The broker used a Monte Carlo briefing and cyber risk report to note a divergence of appetites between reinsurers comfortable with first party short tail risks and third party long tail risks.
Lockton Re hosted a Monte Carlo RVS briefing to highlight the need for cyber insurance product clarity and to simplify cyber reinsurance.
The reinsurance broker launched a new report “The All Risk Cyber (ARC) Challenge: An Assessment to Simplify Cyber Reinsurance”.
The report focuses on the problem of cyber insurance products commingling distinct first and third party risks, as well as systemic risks.
“The current market suffers from a finite supply of reinsurance capacity and a key reason for this is the divergence of appetite between reinsurers comfortable with short tail first party and long tail third party risks,” said Patrick Bousfield, a senior Lockton Re broker in Bermuda and chair of the Lockton Cyber Centre.
The cyber market continues to mature and grow dramatically, the broker’s report noted.
However, the global “all risk aggregate” reinsurance product continues to trail capacity demand and limits the cyber market’s access to the wider specialised reinsurance market.
The report outlined a number of the benefits to breaking the peril into requisite parts, with a particular focus on the differences in how first party and third party risks are handled in the insurance value chain.
Demand for good quality data is another focus, the broker emphasised. This approach can potentially improve the access to capital and expertise as well as the handling of potential claims and the related tail risk development in Cyber.
Oliver Brew, London cyber practice leader, Lockton Re, said: “Separating first party cyber reinsurance where possible can increase participation, making it easier to build new capacity aligned with varied reinsurance appetites.
“It’s important to remember that the specialisation within reinsurance enables the separate perils to be treated differently by distinct parts of the market,” he added.
Separating first and third party risk for reinsurance purposes allows clients to utilise two pools of intellectual knowledge and reinsurance capacity aggregate, the broker said.
Crucially, this would allow access to more capital, the intermediary suggested, because the standalone cyber divisions and the professional lines divisions of reinsurance companies have separate loss development profiles and are established to support independent assessment.
The reinsurance broker suggested it had already seen the benefit of this approach with some key market participants.
Brew said: “Insurance carriers can also have open and frank conversations with insurance buyers and brokers about the impact that risk controls have on the first party and third party pricing for the original business.”

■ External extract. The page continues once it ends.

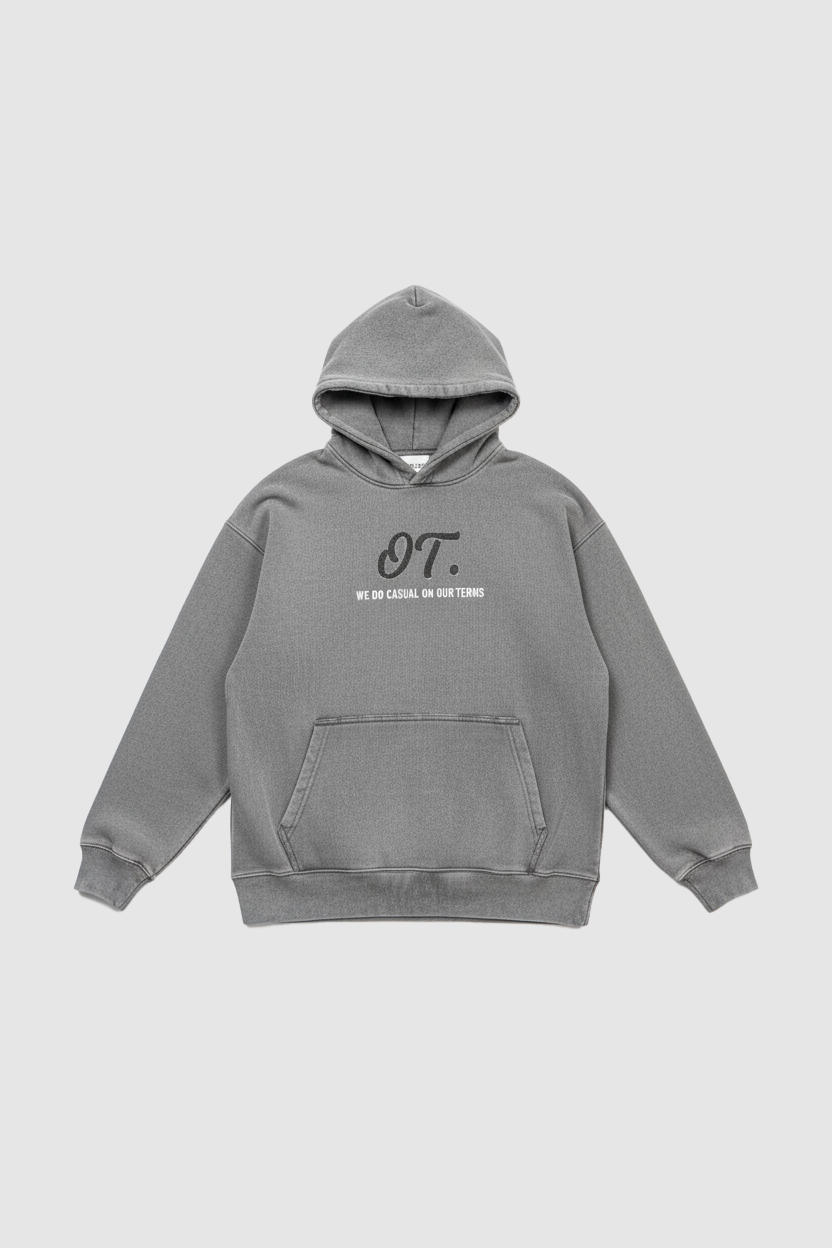 Acid Grey Stone Wash Hoodie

This product clarity could also make it easier to package and trade Cyber risks in the secondary and alternative market, encouraging more capital to participate in the market.
Bousfield added: “The narrower reinsurance coverage means less tail risk uncertainty making it easier for additional capacity.
“When the risk is as dynamic as cyber, man-made in nature and thus rapidly changing, insurance policies and associated risk mitigation is forever catching up with reality, but this is a real opportunity to get ahead and push the industry forward.”